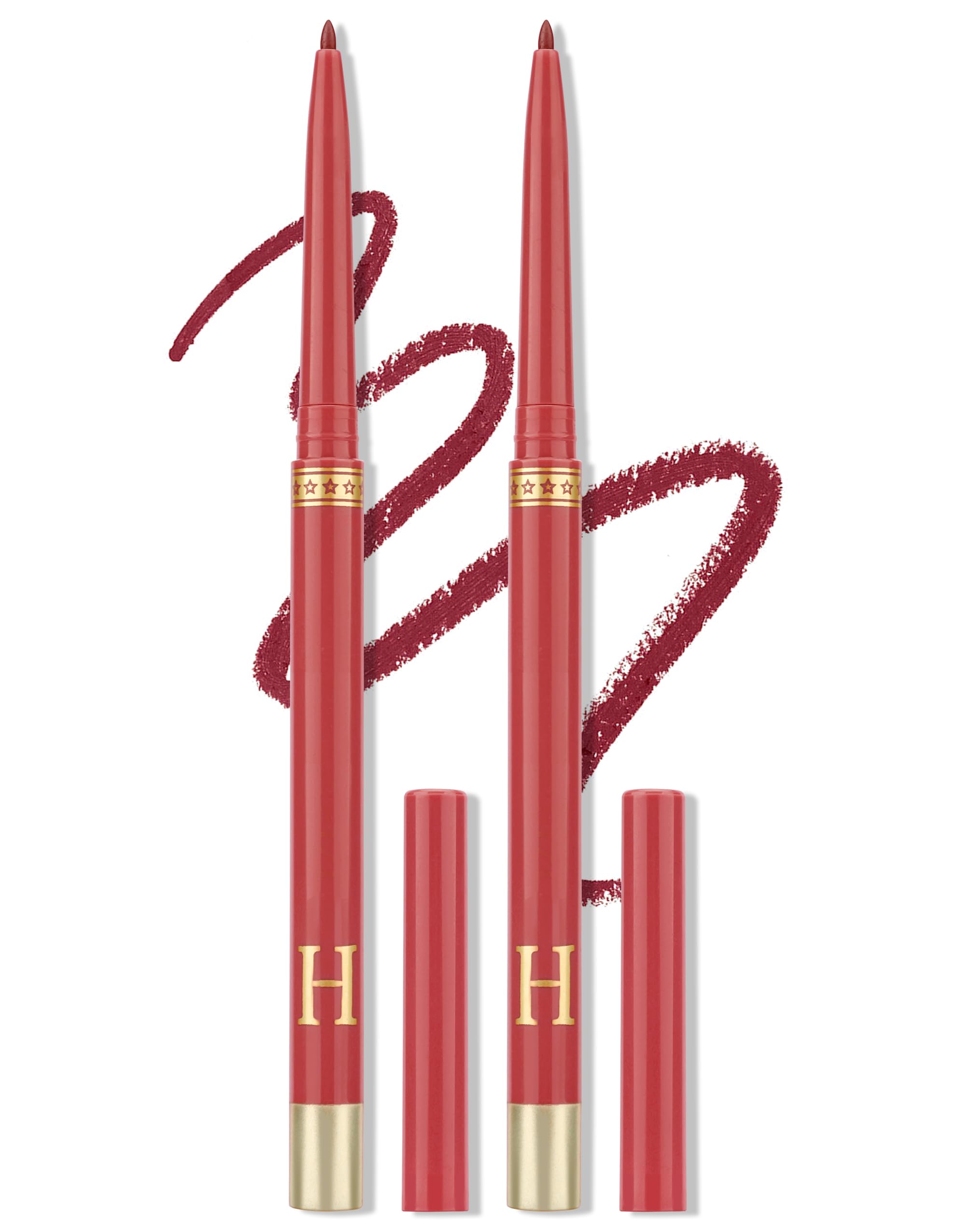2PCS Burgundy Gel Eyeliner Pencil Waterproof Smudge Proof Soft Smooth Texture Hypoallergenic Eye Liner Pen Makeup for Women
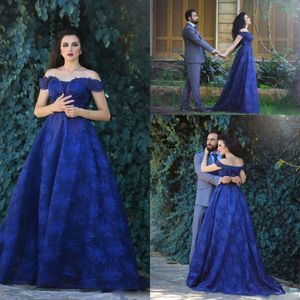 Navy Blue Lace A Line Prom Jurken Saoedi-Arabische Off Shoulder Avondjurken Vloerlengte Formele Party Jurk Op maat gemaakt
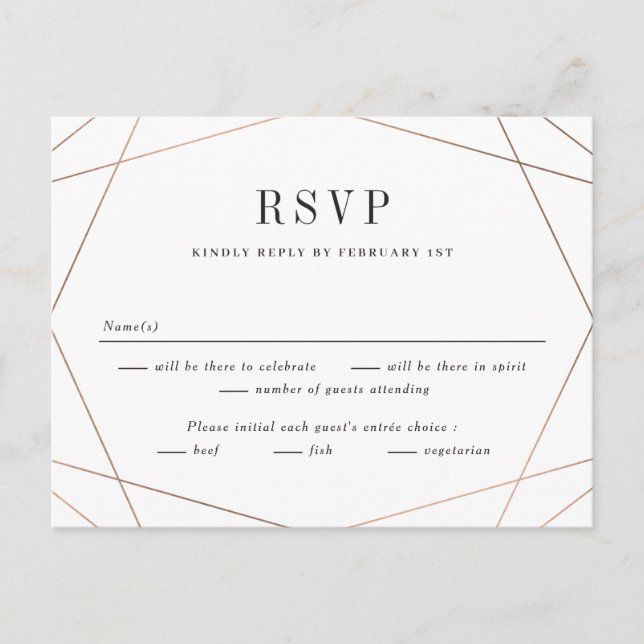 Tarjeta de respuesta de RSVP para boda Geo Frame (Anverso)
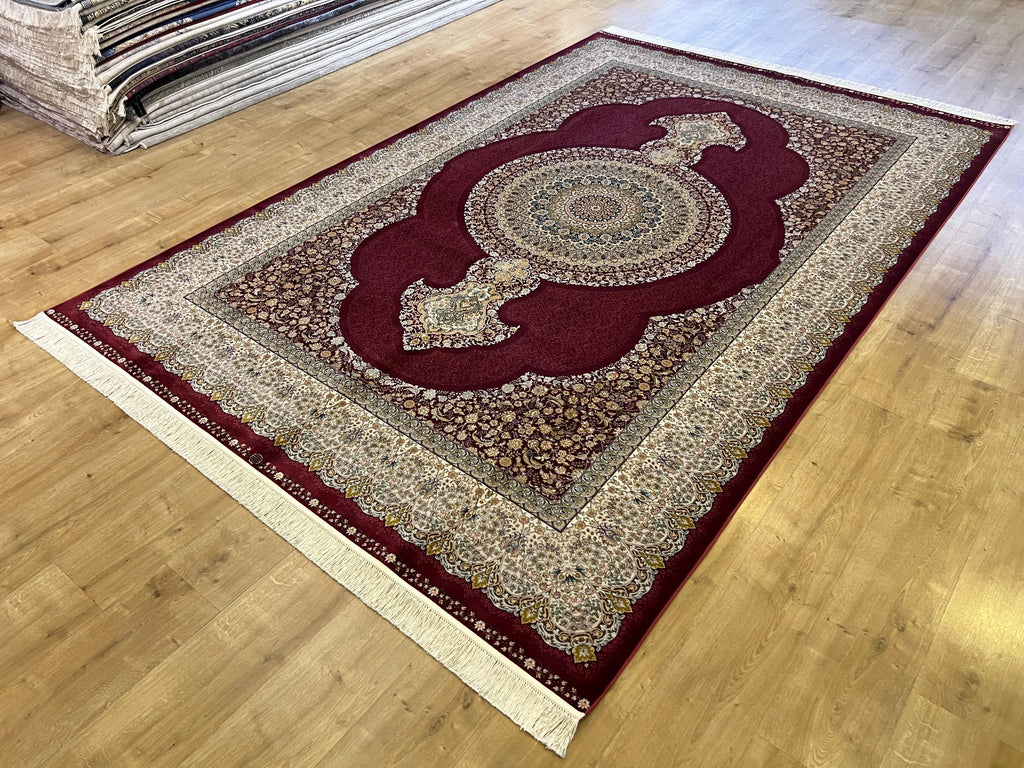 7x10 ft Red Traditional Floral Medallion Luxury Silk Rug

------------------------------------------------------------

Give back the material exactly as written, images excluded.

2PCS Burgundy Gel Eyeliner Pencil Waterproof Smudge Proof Soft Smooth Texture Hypoallergenic Eye Liner Pen Makeup for Women
 Navy Blue Lace A Line Prom Jurken Saoedi-Arabische Off Shoulder Avondjurken Vloerlengte Formele Party Jurk Op maat gemaakt
 Tarjeta de respuesta de RSVP para boda Geo Frame (Anverso)
 7x10 ft Red Traditional Floral Medallion Luxury Silk Rug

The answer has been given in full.